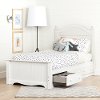 10506 Pure White Twin Bed Set with 3 Drawers (39 Inch) - Savannah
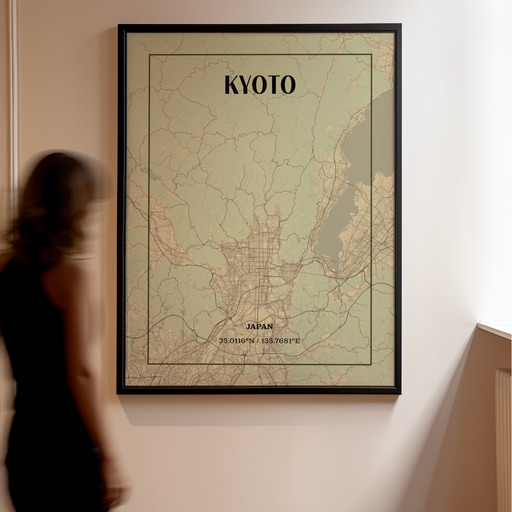 Kyoto in Vintage Poster - Street Map 11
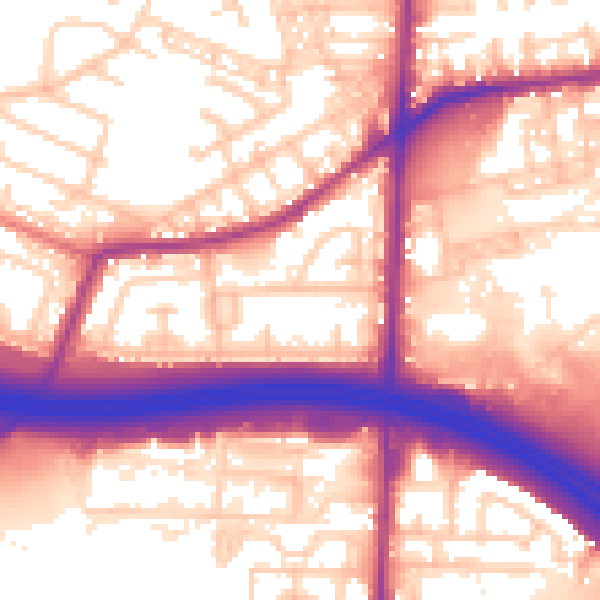 Daytime road noise heatmap for BL4 9LY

------------------------

- _Prompt_
All of the material must be given again exactly, though no picture may appear in the copy.

- _Finished exercise_
 10506 Pure White Twin Bed Set with 3 Drawers (39 Inch) - Savannah
 Kyoto in Vintage Poster - Street Map 11
 Daytime road noise heatmap for BL4 9LY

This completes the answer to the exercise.